**Caption-style text data:**
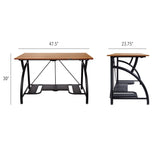 Origami Folding Computer Desk for Office Study Students Bedroom Home Gaming and Craft - Space Saving Foldable Desk Table, Fits Dual Monitors and Laptop, Collapsible, No Assembly Required (Wood, Large) Origami
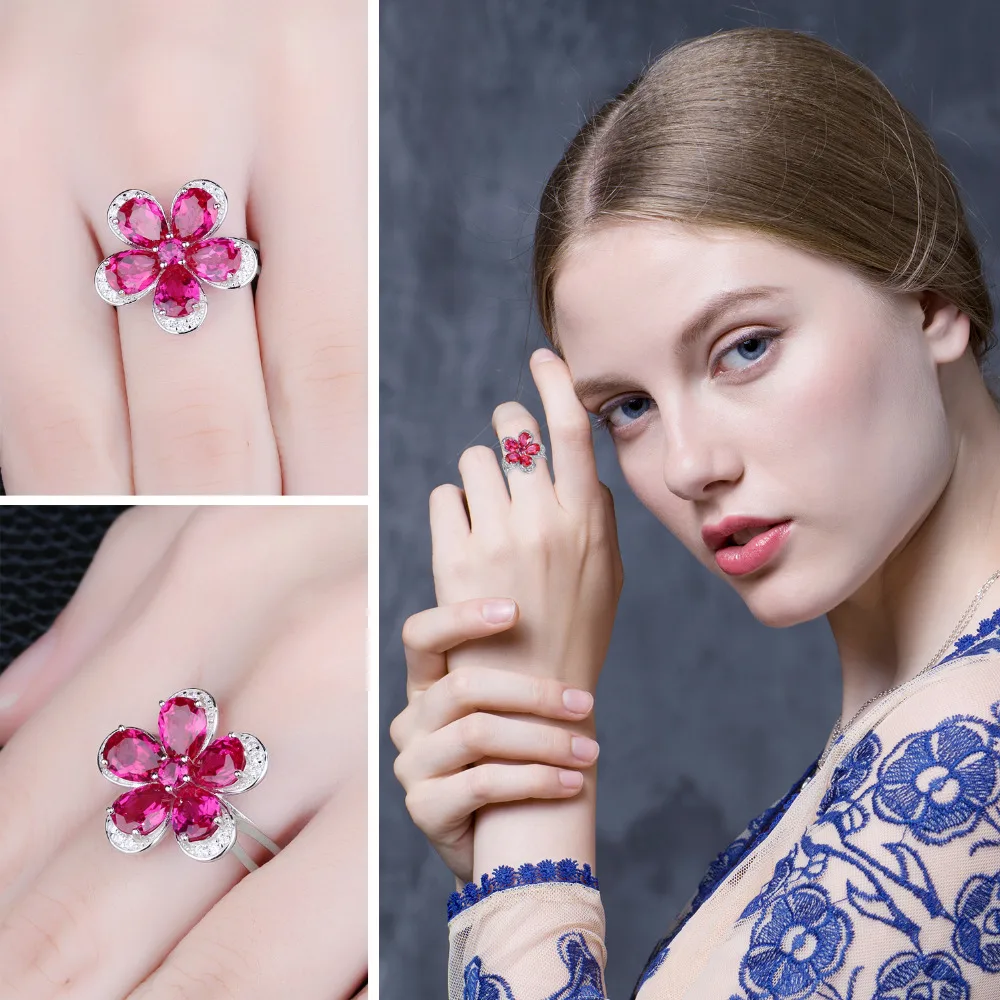 Jewelrypalace цветок 5ct создан красный рубин коктейльное кольцо стерлингового серебра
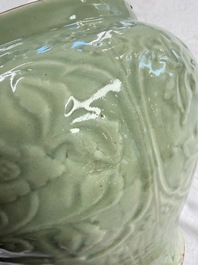 A fine large Chinese Longquan celadon 'Floral' jar, Ming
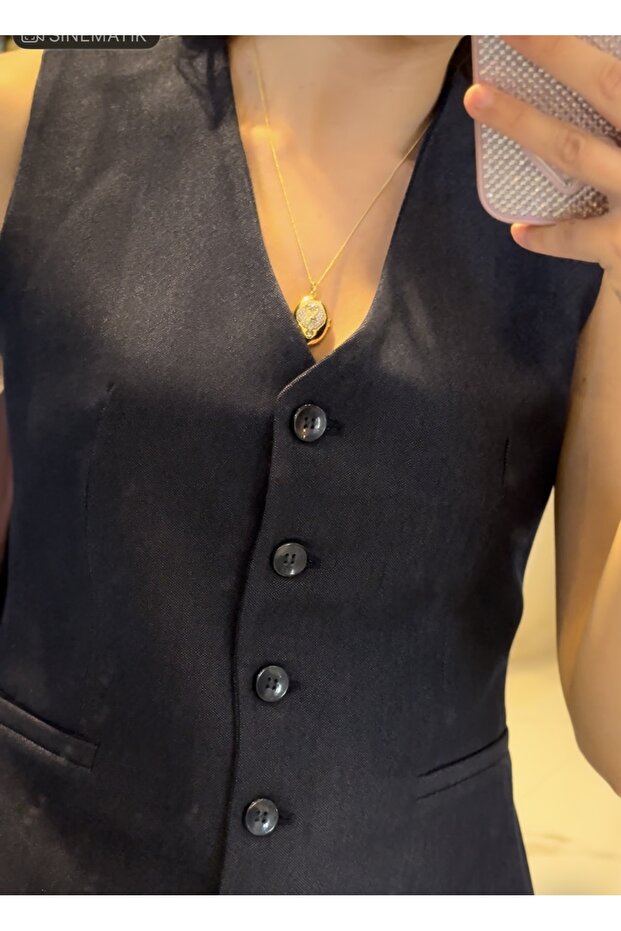 Denim görünümlü yelek - 3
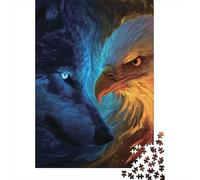Wolf Eagle Dual Puzzles 1000 Pièces Cadeau Unique Jeu Éducatif Challenge Toy À De Qualité Supérieure Peinture Art pour Adultes Et Enfants 52x38cm/1000pcs
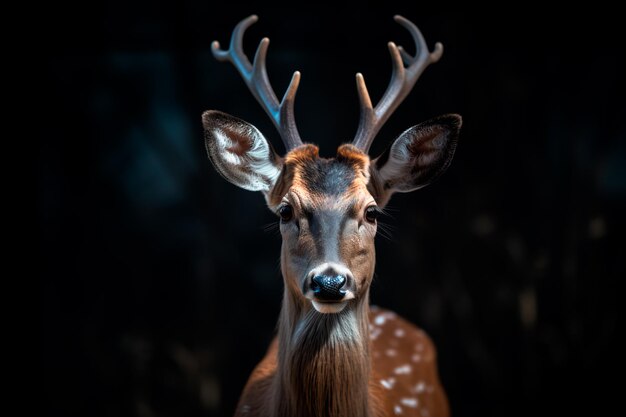 Foto un ciervo meticulosamente conservado a través de la taxidermia que presenta una representación realista de su naturaleza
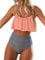 CUPSHE Femme Bikini Bandeau à Volants Plissés Taille Haute Rayé Maillots de Bain 2 Pièces Rose S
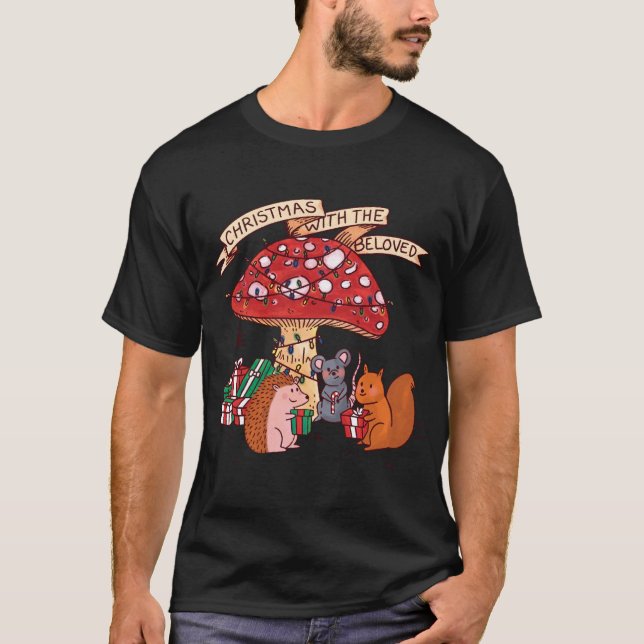 God jul med mushroom Squirrel Mouse och M T Shirt (Framsida)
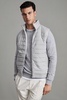 Hybrid Quilt and Knit Zip-Through Gilet in Soft Grey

**Your instructions:** With the pictures omitted, print precisely the lines from the one with "Wolf Eagle Dual" to the final line of the records, both included.

**Finished exercise:**
Wolf Eagle Dual Puzzles 1000 Pièces Cadeau Unique Jeu Éducatif Challenge Toy À De Qualité Supérieure Peinture Art pour Adultes Et Enfants 52x38cm/1000pcs
 Foto un ciervo meticulosamente conservado a través de la taxidermia que presenta una representación realista de su naturaleza
 CUPSHE Femme Bikini Bandeau à Volants Plissés Taille Haute Rayé Maillots de Bain 2 Pièces Rose S
 God jul med mushroom Squirrel Mouse och M T Shirt (Framsida)
 Hybrid Quilt and Knit Zip-Through Gilet in Soft Grey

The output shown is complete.